Aug 22, 2015

Quick lzma2 compression showcase

On cue from irc, recently ran this experiment:

% a=(); for n in {1..100}; do f=ls_$n; cp /usr/bin/ls $f; echo $n >> $f; a+=( $f ); done
% 7z a test.7z "${a[@]}" >/dev/null
% tar -cf test.tar "${a[@]}"
% gzip < test.tar > test.tar.gz
% xz < test.tar > test.tar.xz
% rm -f "${a[@]}"

% ls -lahS test.*
-rw-r--r-- 1 fraggod fraggod  12M Aug 22 19:03 test.tar
-rw-r--r-- 1 fraggod fraggod 5.1M Aug 22 19:03 test.tar.gz
-rw-r--r-- 1 fraggod fraggod 465K Aug 22 19:03 test.7z
-rw-r--r-- 1 fraggod fraggod  48K Aug 22 19:03 test.tar.xz

Didn't realize that gz was that bad at such deduplication task.

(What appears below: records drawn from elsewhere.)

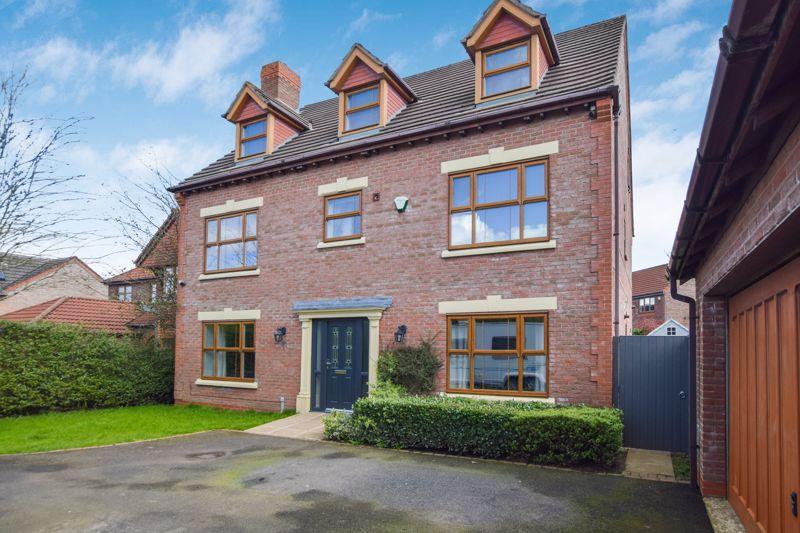 Pex Hill Court, Widnes 6 bed detached house £650,000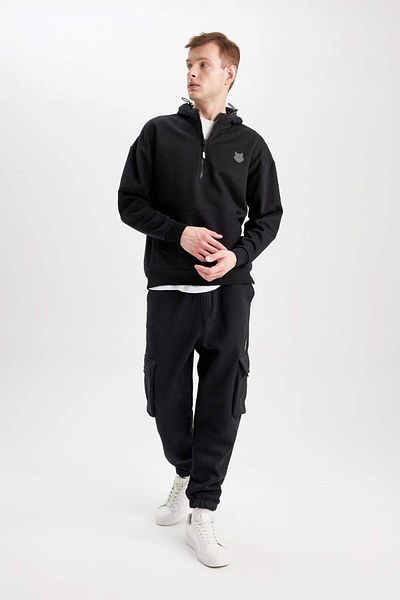 DeFacto Sportnadrág Oversize széles szabású, rugalmas lábú, teherzsebekkel B8130AX23CW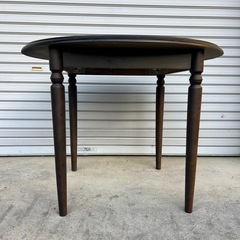 アンティーク調査　丸テーブル 楕円形 日焼けありありの画像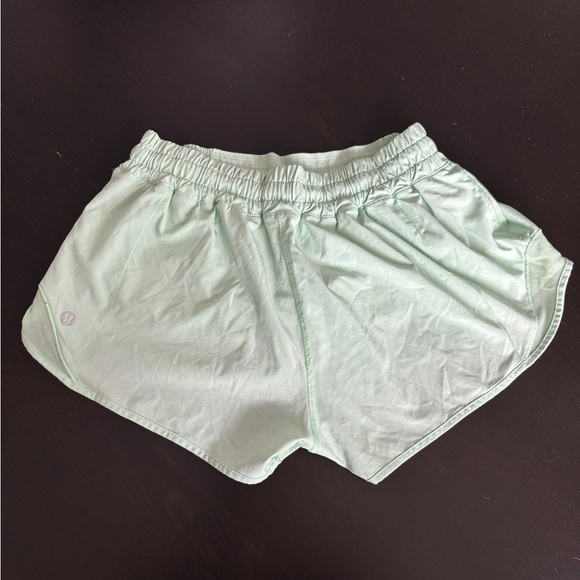 Lululemon Hotty Hot Low-Rise Lined Short 2.5 - Picture 2 of 6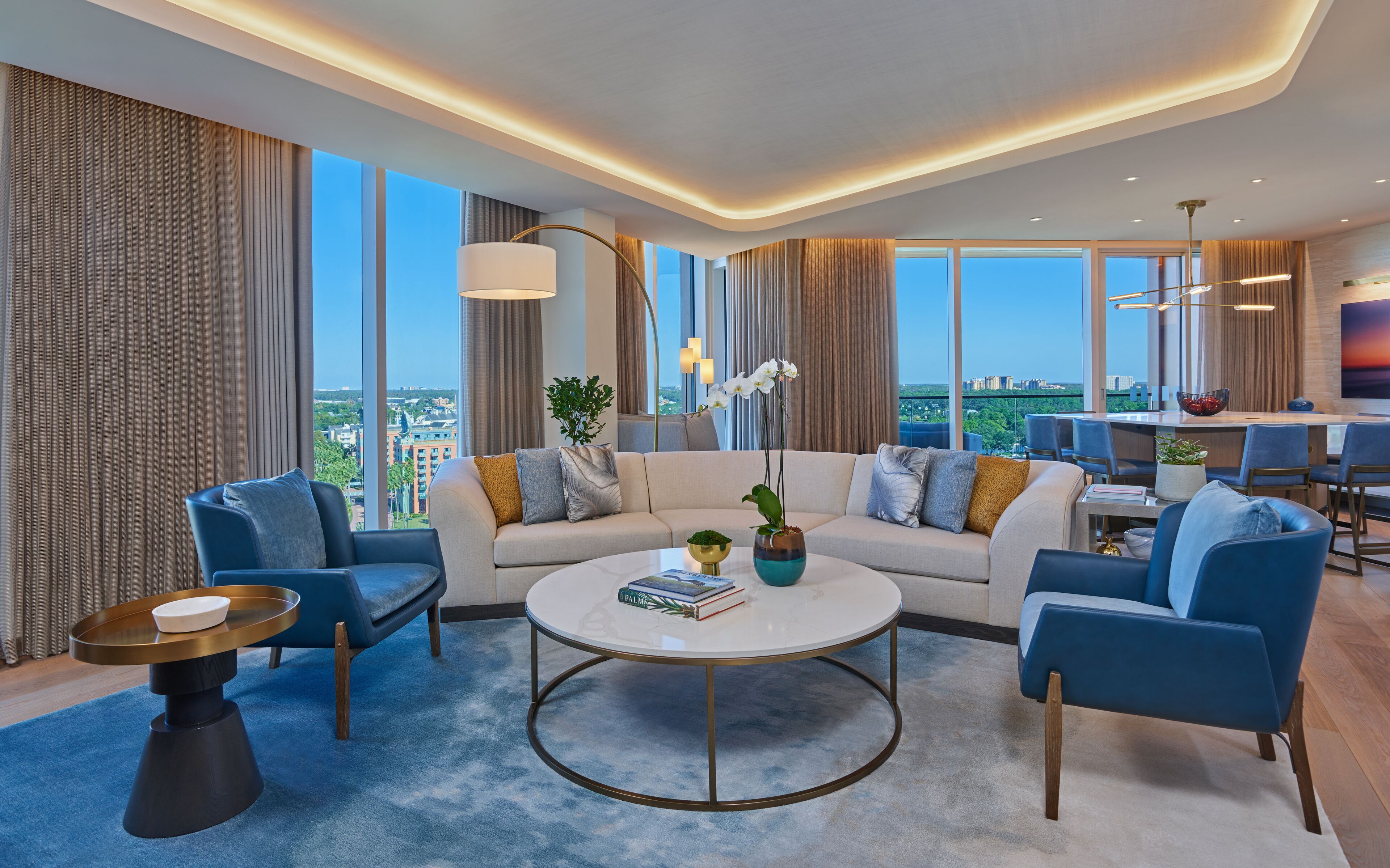 Presidential-Suite, 1 Schlafzimmer, Balkon | Wohnzimmer | 49-Zoll-Flachbildfernseher mit Satellitenempfang, Fernseher, Pay-TV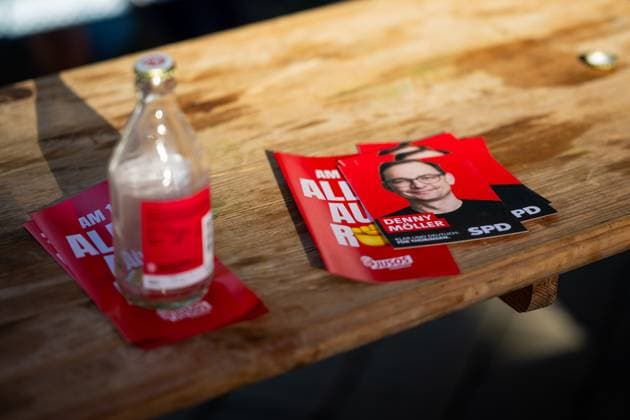 LANDTAGSWAHLKAMPF SPD THÜRINGEN 12 08 2024 - Erfurt: Flyer des MdL Denny Möller liegen auf den Tischen. Landtagswahlkampf der Thüringer SPD am 12. August 2024 auf dem Wenigemarkt in Erfurt. _________________ *** LANDTAGSWAHLKAMPF SPD THÜRINGEN 12 08 2024 Erfurt Flyers from MP Denny Möller are on the tables State election campaign of the Thuringian SPD on August 12, 2024 at Wenigemarkt in Erfurt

Also somehow thought (and never really bothered to look it up) that 7z was compressing each file individually by default, which clearly is not the case, as overall size should be 10x of what 7z produced then.

Docs agree on "solid" mode being the default of course, meaning no easy "pull one file out of the archive" unless explicitly changed - useful to know.

Further 10x difference between 7z and xz is kinda impressive, even for such degenerate case.